5. Type I and Type II errors

	$H_0$ is true (no effect)	$H_0$ is false (real effect)
Reject $H_0$	Type I error (false positive)	Correct ✓
Fail to reject	Correct ✓	Type II error (false negative)

$\alpha$ = significance level = P(Type I error). You pick this; 0.05 is traditional.
$\beta$ = P(Type II error). Depends on effect size, sample size, and variance.
Power = $1 - \beta$ = P(detect a real effect when there is one). You want high power — at least 0.8 — which requires enough sample size.

6. Multiple comparisons — the silent killer

If you test 20 independent hypotheses at $\alpha = 0.05$, you'd expect 1 false positive on average, even if nothing is real. Running 20 A/B tests and celebrating the one with $p < 0.05$ is how garbage products get shipped.

Corrections:

Bonferroni: divide $\alpha$ by the number of tests. Simple, conservative.
Benjamini-Hochberg (FDR): controls the false discovery rate.
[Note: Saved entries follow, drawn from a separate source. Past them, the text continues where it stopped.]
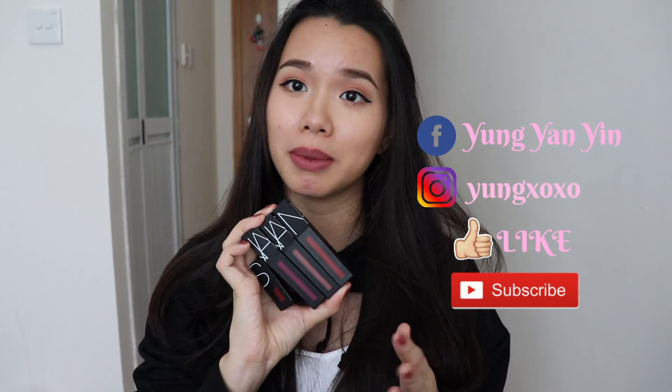Thank you for watching. I'm speaking in English today because I asked you guys on Instagram whether I should do this video in English or Chinese, and more people voted for English this time. It's a pretty short video, but I hope you liked it and I hope you find it useful if you want to try these out.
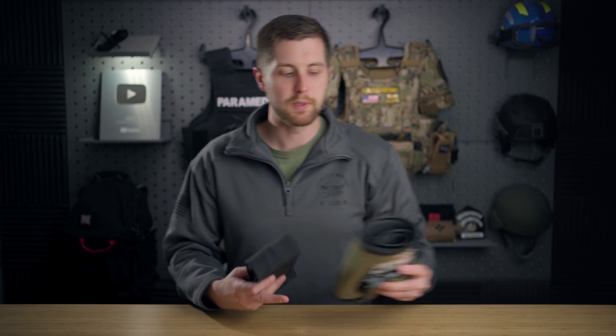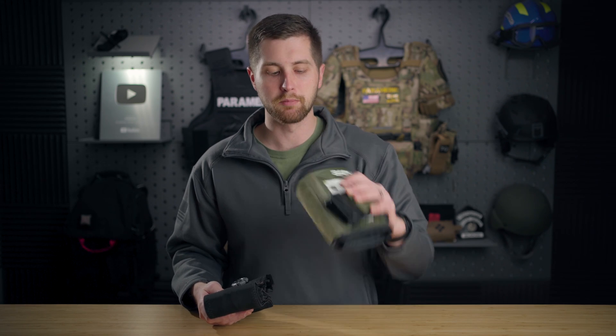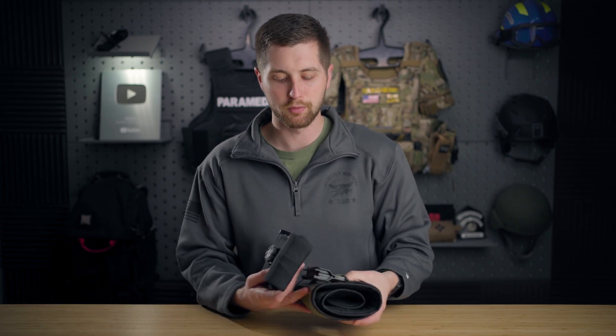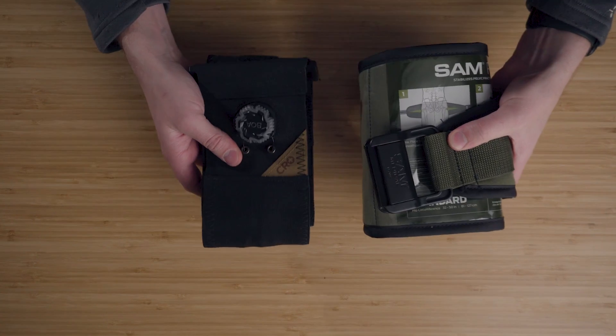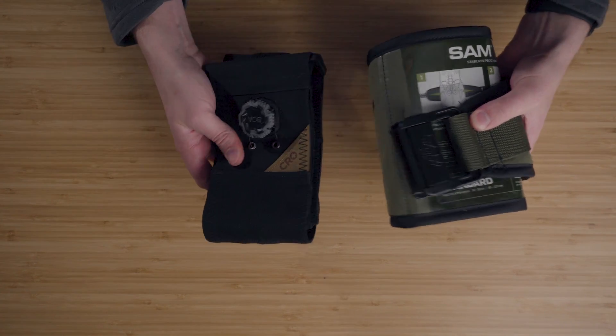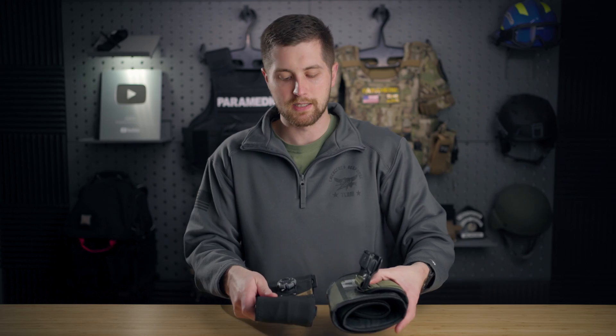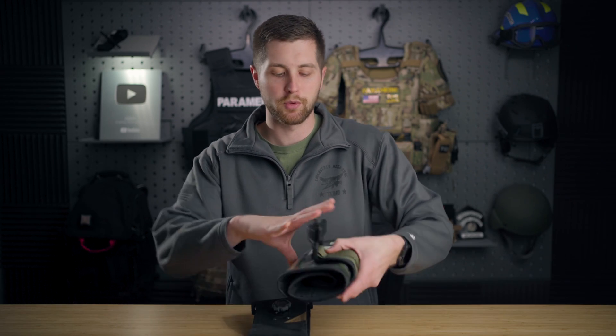Up until recently, I have been using the Sam Pelvic Sling in most of my personal kits. This is a good viable device. However, I've opted to switch over to the Crow for a couple reasons. First and foremost, I like the form factor of the Crow Medical kit a lot better just because it's thinner — it's not quite as wide. I'd say it's about three-fourths the size of that.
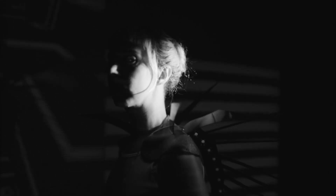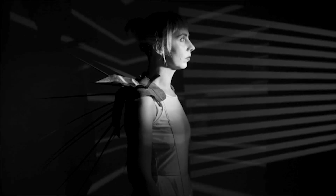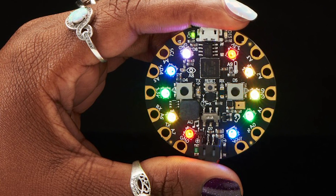I'm partnering with Hackaday to bring you this class on developing your own interactive artwork using tools like Arduino and FastLED. In this class, students will learn how to work with sensors including motion sensors, light sensors, temperature sensors, and microphones as well as other input to create their own interactive programs using the Circuit Playground microcontroller.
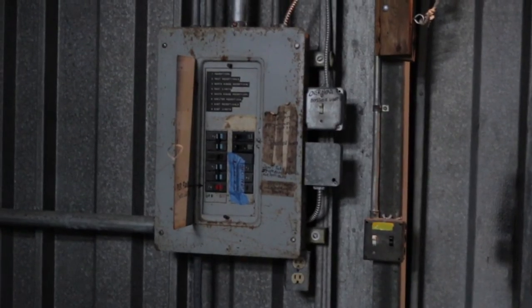When you first arrive at the boathouse, just inside the doors you will see the electric panel. Flip the two bottom right-hand switches — the single light switch and the red breaker switch — to on.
Better for large-scale testing (e.g., feature selection).

7. When to be Bayesian vs. frequentist in ML

Pragmatically:

Most production ML is frequentist-flavored. Point estimates, confidence intervals, MLE training.
Use Bayesian thinking when: you have strong priors (small data, domain knowledge), you need calibrated uncertainty (medical, finance), or you're doing hyperparameter tuning (Bayesian optimization).
Tools: scipy.stats for classical testing, statsmodels for regression inference, pymc or numpyro for full Bayesian modeling.

8. Self-check

In Bayes' theorem, what do the prior, likelihood, and posterior represent?
A test has $p = 0.03$. What does this tell you? (Careful — this is the question people get wrong.)
When is a Type II error a big deal vs. a Type I error a big deal? (Hint: depends on the domain.)
Why does Bonferroni correction make tests more conservative?